My bookshelves are not terribly political. A biography or two, a bit of humor about our political system, but not much else – I figure it’s bad enough I have to see politicians on the news every day, I have no desire to read about them in my leisure time. I accepted The Obama Revolution for review primarily because it came out so close on the heels of the November elections. I thought it would be more interesting to read about a very recent election, one I was very excited about, than to rehash a political contest I barely remembered. For the most part, I was right.

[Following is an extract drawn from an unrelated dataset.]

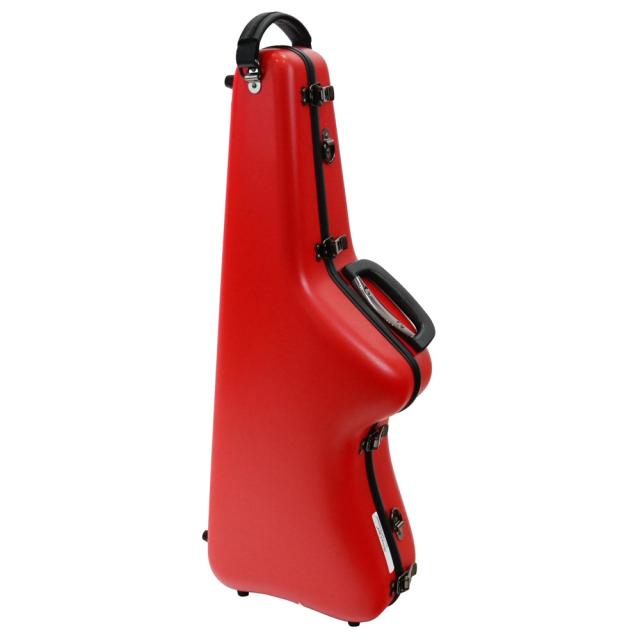 CC Shiny Case CC2-ASSU-PWRD アルトサクソフォン用スタンドアップ C.C.シャイニーケース II パウダーレッドの通販は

Alan Kennedy-Shaffer is at his best talking about his experiences organizing and campaigning for Barack Obama. He tells some interesting stories about the people he met and the places he traveled, the challenges that the campaign faced as they attempted to organize in an entirely new way. He has great affection for the people he worked with and their mutual commitment to change and to Obama. I wish the book had focused more on this aspect of the campaign.
The book is dense with facts and quotes – too dense, in many places. The quotation marks and footnotes become visually distracting as you work your way through paragraphs. Some quotes and footnotes seemed pointless – for example, when talking about Obama’s early stump speeches, Kennedy-Shaffer says they lacked “detailed, real-world specifics.” Was it really necessary to quote and footnote someone else to say “detailed, real-world specifics”? It gets tedious, and the sheer volume of footnotes ensured that I didn’t bother to check on the sources for many, many things.
The most enlightening part of the book, for me, was the clear explanation of the 50 State Plan, as it applied to Obama’s campaign. I have a far better explanation of the steps that Howard Dean initiated, how they differed from the way campaigns had been run in the past, and how the Obama campaign took those ideas even further. Of course, I heard talk about it during the election, but I never really understood how fundamentally it differed from the standard campaign strategy. It certainly give me some insight into how the Democratic party plans to move forward over the next four years.
Another highlight of the book: 10 of Barack Obama’s key speeches, reprinted at the back of the book. Nice to be able to revisit key moments and look more carefully at exactly what our President had to say in the lead-up to the election.
All in all, I found this an interesting read. A little heavy on rehashing the campaign literature, but some of the analysis is enlightening. I would have enjoyed hearing more about life on the front lines of the campaign, because those were great stories, but that is, I suppose, a different kind of book.